= WORK INSTRUCTION =
Everything from the line containing "Camping Il Capannino" to the last line of the listing below, inclusive, is what you should output, exactly as it appears.

= INPUT DATA =
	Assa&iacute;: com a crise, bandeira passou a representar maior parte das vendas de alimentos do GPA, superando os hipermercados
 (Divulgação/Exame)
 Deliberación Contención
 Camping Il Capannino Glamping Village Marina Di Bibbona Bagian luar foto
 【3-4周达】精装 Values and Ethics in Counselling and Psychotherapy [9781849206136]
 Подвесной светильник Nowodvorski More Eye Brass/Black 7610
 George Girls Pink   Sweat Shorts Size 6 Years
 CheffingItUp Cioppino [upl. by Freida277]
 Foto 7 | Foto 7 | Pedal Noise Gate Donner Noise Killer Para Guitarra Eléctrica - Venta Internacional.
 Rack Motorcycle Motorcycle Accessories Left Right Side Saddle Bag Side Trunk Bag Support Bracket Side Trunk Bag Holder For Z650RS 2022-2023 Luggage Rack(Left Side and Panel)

= SOLUTION FOR THIS PROBLEM =
 Camping Il Capannino Glamping Village Marina Di Bibbona Bagian luar foto
 【3-4周达】精装 Values and Ethics in Counselling and Psychotherapy [9781849206136]
 Подвесной светильник Nowodvorski More Eye Brass/Black 7610
 George Girls Pink   Sweat Shorts Size 6 Years
 CheffingItUp Cioppino [upl. by Freida277]
 Foto 7 | Foto 7 | Pedal Noise Gate Donner Noise Killer Para Guitarra Eléctrica - Venta Internacional.
 Rack Motorcycle Motorcycle Accessories Left Right Side Saddle Bag Side Trunk Bag Support Bracket Side Trunk Bag Holder For Z650RS 2022-2023 Luggage Rack(Left Side and Panel)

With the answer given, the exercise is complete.